→ DATA LISTING
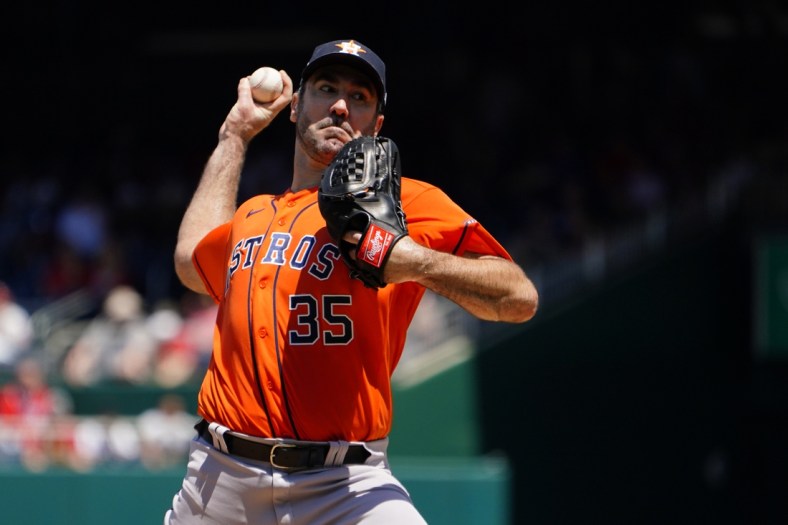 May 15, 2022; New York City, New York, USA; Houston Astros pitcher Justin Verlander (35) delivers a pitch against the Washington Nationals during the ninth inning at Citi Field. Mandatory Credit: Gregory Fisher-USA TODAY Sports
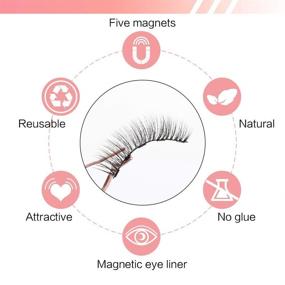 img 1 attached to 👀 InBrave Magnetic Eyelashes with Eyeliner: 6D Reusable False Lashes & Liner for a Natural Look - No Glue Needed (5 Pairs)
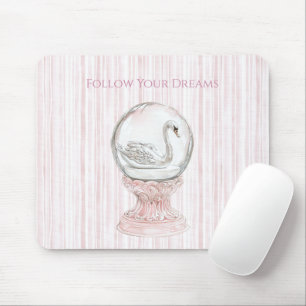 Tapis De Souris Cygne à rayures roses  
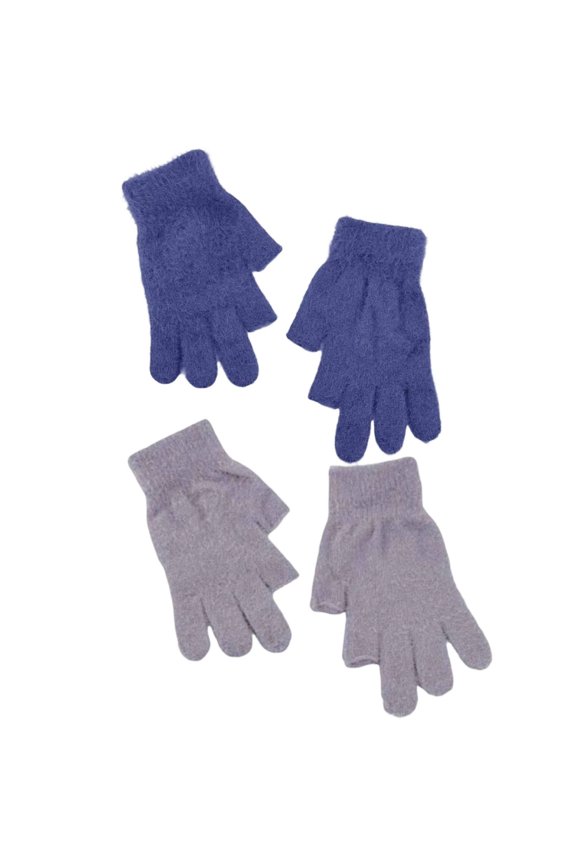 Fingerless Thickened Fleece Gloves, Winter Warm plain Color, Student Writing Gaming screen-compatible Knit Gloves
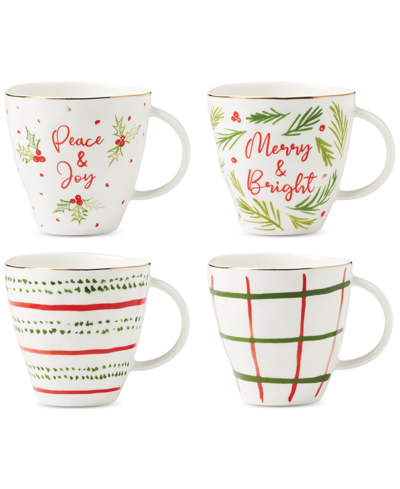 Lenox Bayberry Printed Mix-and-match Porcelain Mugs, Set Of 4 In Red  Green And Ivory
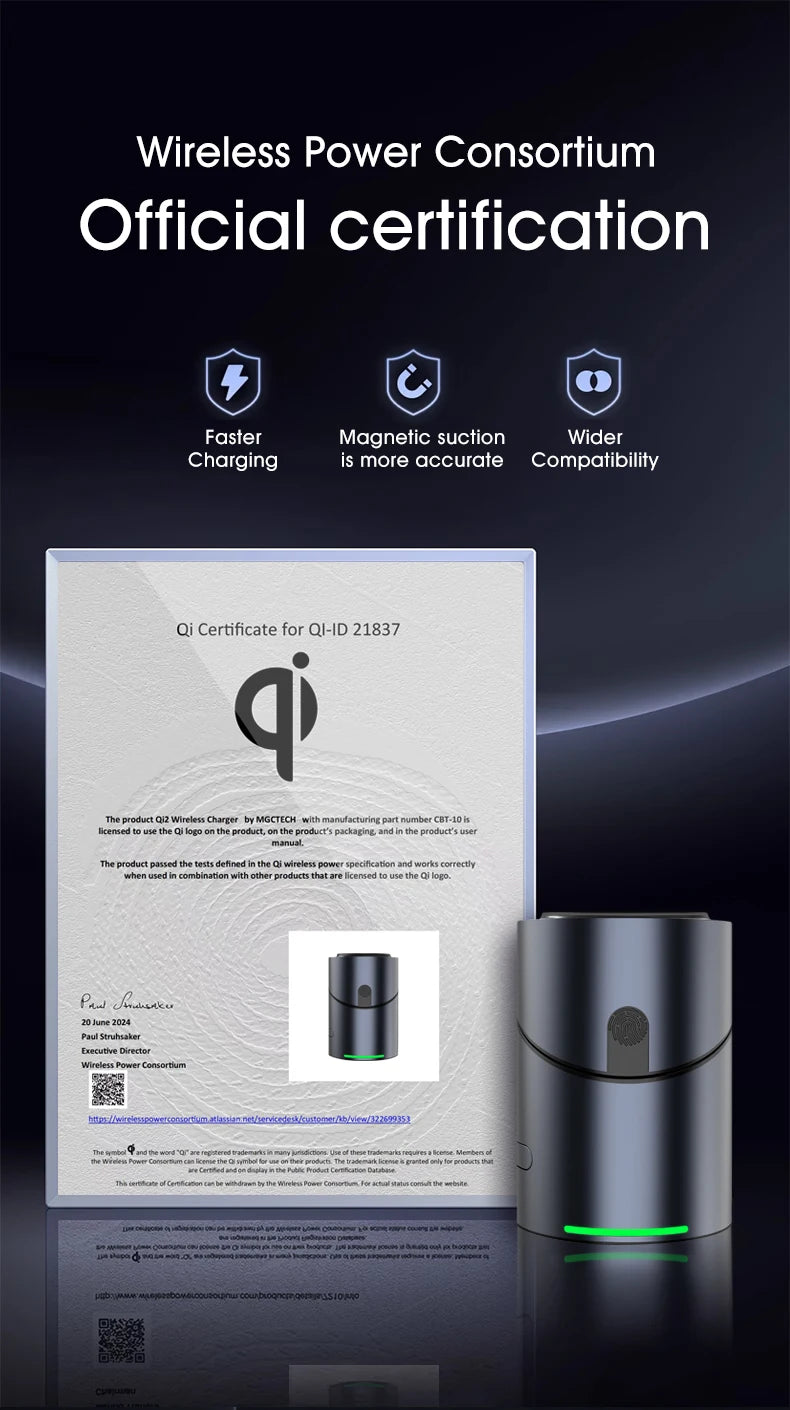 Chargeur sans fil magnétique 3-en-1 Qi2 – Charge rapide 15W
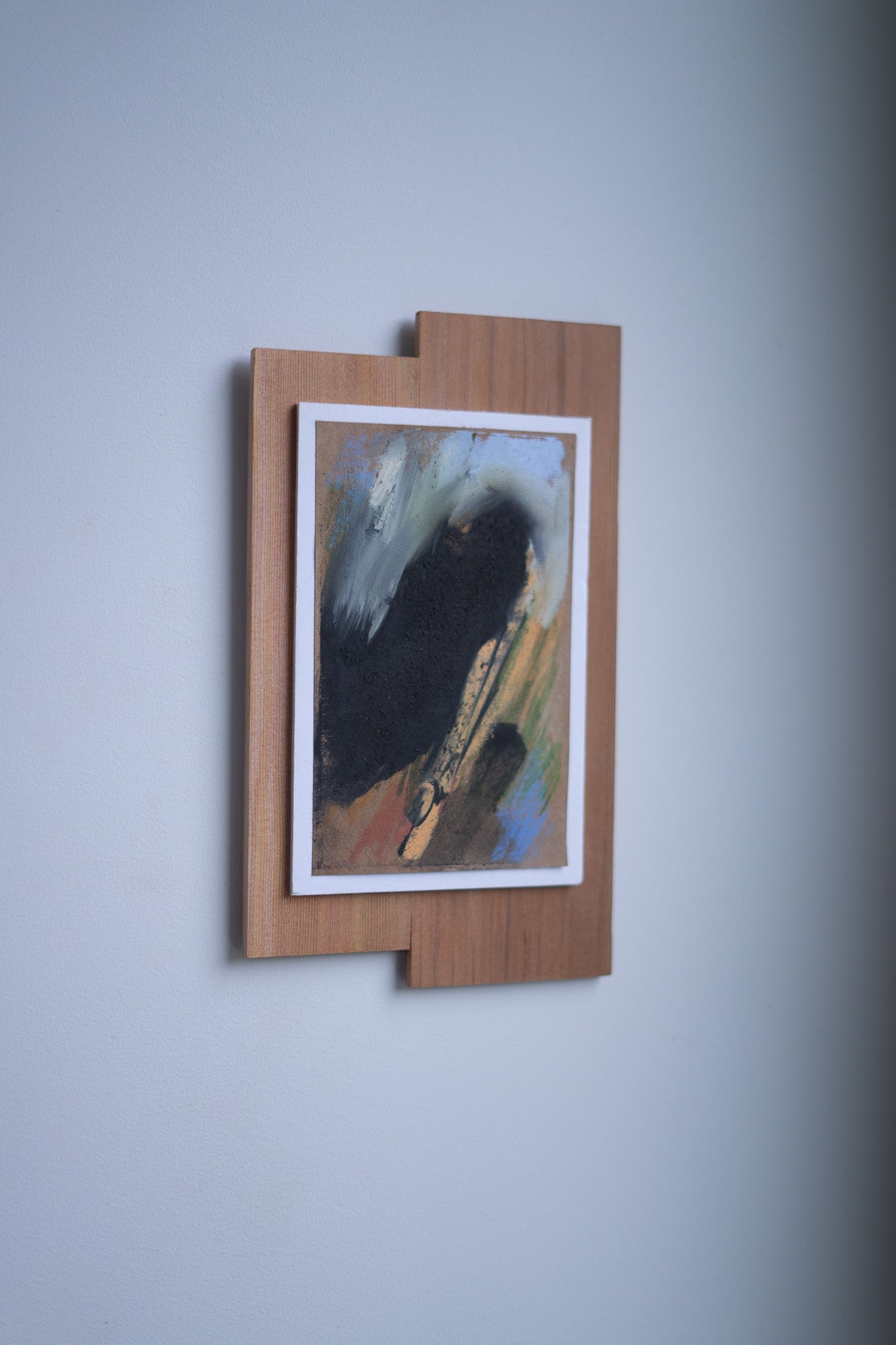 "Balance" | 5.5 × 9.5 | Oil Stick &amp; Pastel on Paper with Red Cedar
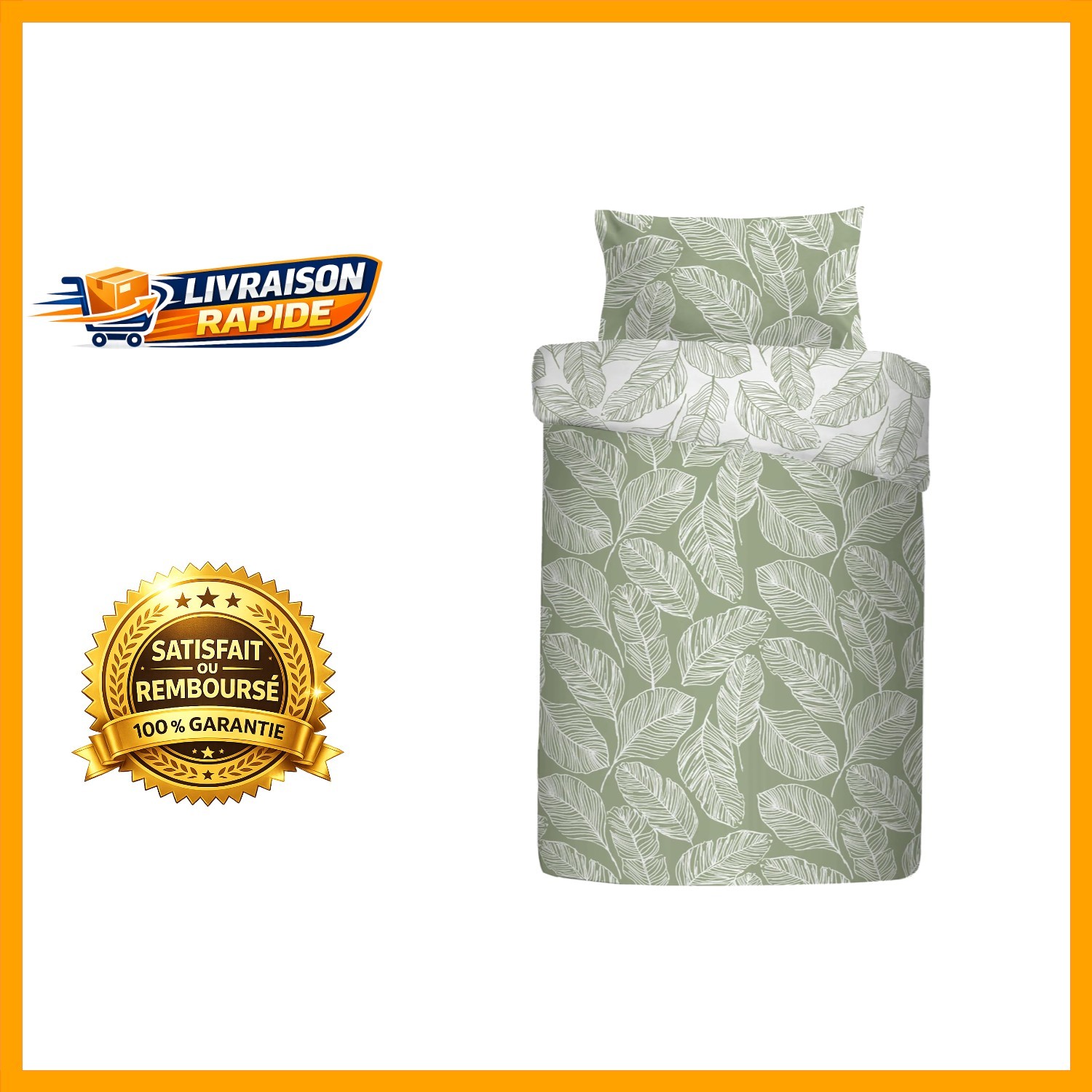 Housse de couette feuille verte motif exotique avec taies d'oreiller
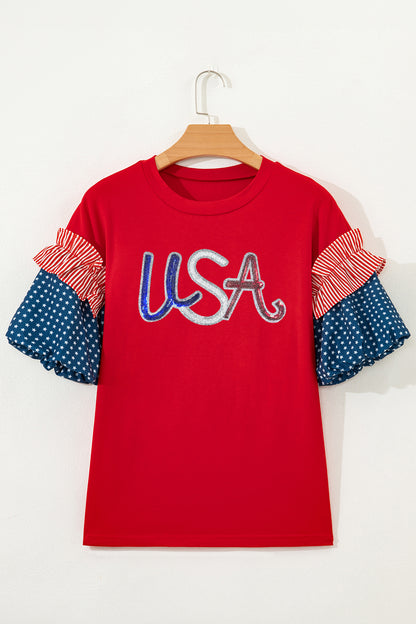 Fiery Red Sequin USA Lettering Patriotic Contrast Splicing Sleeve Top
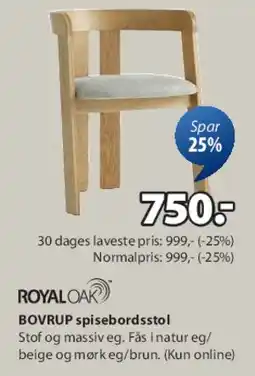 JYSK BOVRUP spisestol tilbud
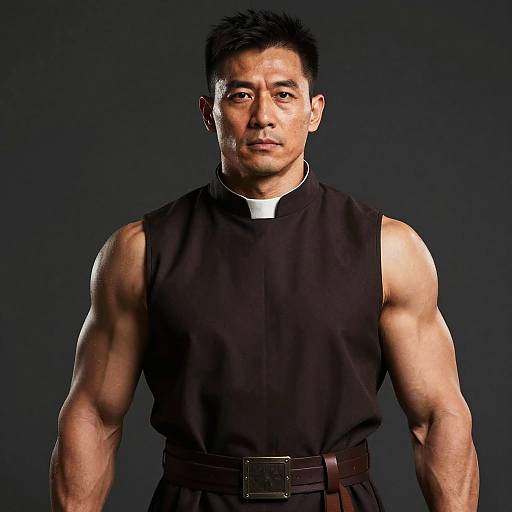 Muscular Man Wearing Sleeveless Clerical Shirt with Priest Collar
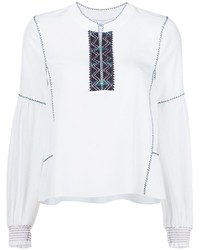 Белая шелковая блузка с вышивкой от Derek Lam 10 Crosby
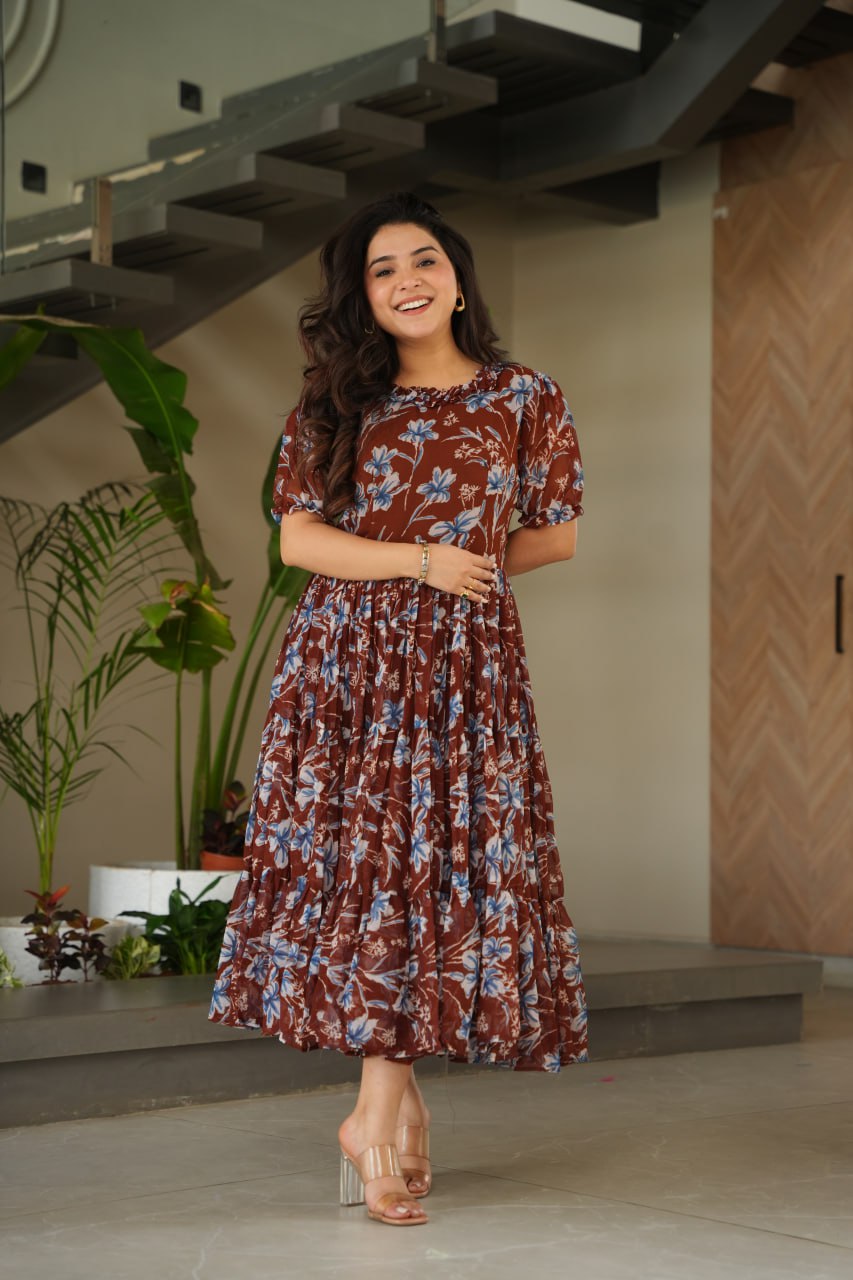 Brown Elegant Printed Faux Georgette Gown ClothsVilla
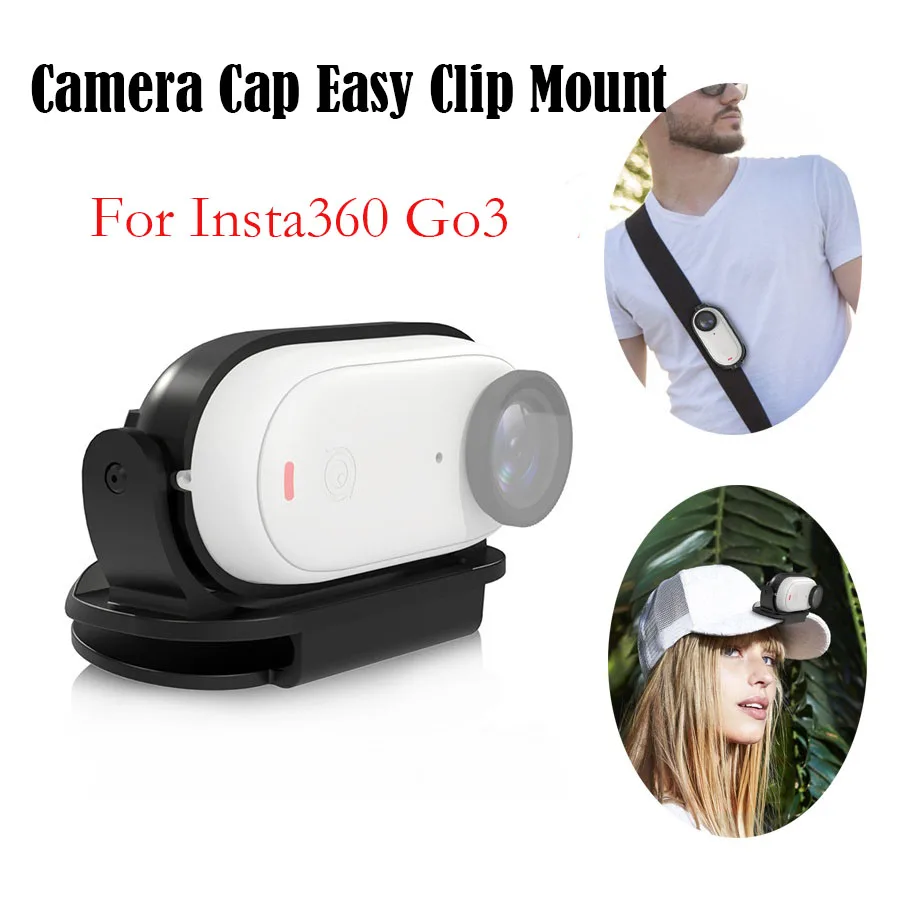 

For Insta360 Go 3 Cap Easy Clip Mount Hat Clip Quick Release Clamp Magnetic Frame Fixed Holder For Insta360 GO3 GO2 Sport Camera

→ EXERCISE DIRECTIONS
Give the records again exactly, without pictures.

→ PROBLEM SOLUTION
 May 15, 2022; New York City, New York, USA; Houston Astros pitcher Justin Verlander (35) delivers a pitch against the Washington Nationals during the ninth inning at Citi Field. Mandatory Credit: Gregory Fisher-USA TODAY Sports
 img 1 attached to 👀 InBrave Magnetic Eyelashes with Eyeliner: 6D Reusable False Lashes & Liner for a Natural Look - No Glue Needed (5 Pairs)
 Tapis De Souris Cygne à rayures roses  
 Fingerless Thickened Fleece Gloves, Winter Warm plain Color, Student Writing Gaming screen-compatible Knit Gloves
 Lenox Bayberry Printed Mix-and-match Porcelain Mugs, Set Of 4 In Red  Green And Ivory
 Chargeur sans fil magnétique 3-en-1 Qi2 – Charge rapide 15W
 "Balance" | 5.5 × 9.5 | Oil Stick &amp; Pastel on Paper with Red Cedar
 Housse de couette feuille verte motif exotique avec taies d'oreiller
 Fiery Red Sequin USA Lettering Patriotic Contrast Splicing Sleeve Top
 JYSK BOVRUP spisestol tilbud
 Muscular Man Wearing Sleeveless Clerical Shirt with Priest Collar
 Белая шелковая блузка с вышивкой от Derek Lam 10 Crosby
 Brown Elegant Printed Faux Georgette Gown ClothsVilla

For Insta360 Go 3 Cap Easy Clip Mount Hat Clip Quick Release Clamp Magnetic Frame Fixed Holder For Insta360 GO3 GO2 Sport Camera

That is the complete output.